Tony Reinke’s 12 Ways Your Phone Is Changing You is graciously available free to Christ and Pop Culture members until August 28, 2017, through our partnership with Crossway.

Do you remember your first cell phone? I remember mine; it was from the late 90s. You know, one of those Nokia models. In my case, it had no texting, no voicemail, and no caller ID. It was just a phone in the barest sense.

Twenty years later, it’s the same phone number, but my phone has come a long way. Now, I barely even use my phone as a phone (because introvert). The glowing rectangles we carry everywhere we go have seemingly inexhaustible capabilities. The thought that my phone has changed is hardly controversial. The thought that my phone is changing me deserves my attention. Tony Reinke thought so too and spent the past three years gathering his research into a new book from Crossway, 12 Ways Your Phone Is Changing You.

Reinke presents the research detailing the pitfalls of smartphone use, but also suggests a practical way forward that isn’t gospel—nor is it impractical abstention.

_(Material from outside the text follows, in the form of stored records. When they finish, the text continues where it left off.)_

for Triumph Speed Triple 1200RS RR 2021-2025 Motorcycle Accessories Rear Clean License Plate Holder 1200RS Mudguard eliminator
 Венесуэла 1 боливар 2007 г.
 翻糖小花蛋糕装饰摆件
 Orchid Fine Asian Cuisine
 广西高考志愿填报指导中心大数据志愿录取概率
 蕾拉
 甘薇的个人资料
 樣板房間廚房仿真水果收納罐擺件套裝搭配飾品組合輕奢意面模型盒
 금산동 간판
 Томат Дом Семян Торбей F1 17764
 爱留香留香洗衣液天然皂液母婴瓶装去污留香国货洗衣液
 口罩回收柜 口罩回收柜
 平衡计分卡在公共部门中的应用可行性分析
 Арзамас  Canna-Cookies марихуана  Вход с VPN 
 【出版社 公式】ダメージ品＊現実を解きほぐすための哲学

The book is organized into a chiasm. This means the first and last chapters are thematically paired, the second and second to last, and so on. The central chapters are 6 and 7. There, Reinke explains how “our phones overtake and distort our identity (6) and tempt us toward unhealthy isolation and loneliness (7)” (189). However, in those same chapters, Reinke argues that we should “treasure Christ to be molded into his image (6) and seek to serve the legitimate needs of our neighbors (7)” (190) to offset these potential pitfalls.

At this point, you may be curious about the whole list of ways your phone is changing you. I think Reinke would be comfortable acknowledging the list he compiled is neither exhaustive nor applicable to everyone. As such, it may be helpful to consider the following 12 ways as 12 “potential” ways that your phone habits may be changing you—and in ways you might not want:

  1. We Are Addicted to Distraction
  2. We Ignore Our Flesh and Blood
  3. We Crave Immediate Approval
  4. We Lose Our Literacy
  5. We Feed on the Produced
  6. We Become Like What We “Like”
  7. We Get Lonely
  8. We Get Comfortable in Secret Vices
  9. We Lose Meaning
  10. We Fear Missing Out
  11. We Become Harsh to One Another
  12. We Lose Our Place in Time

One thing I appreciated about Reinke’s work in defending this list is that he relied heavily on sources outside the Christian theological world. In other words, these are problems that even non-Christians recognize when it comes to our relationship with smartphones in particular. I think he also navigated well the line between practical suggestion and necessary mandate. In other words, Reinke presents the research detailing the pitfalls of smartphone use, but also suggests a practical way forward that isn’t gospel—nor is it impractical abstention.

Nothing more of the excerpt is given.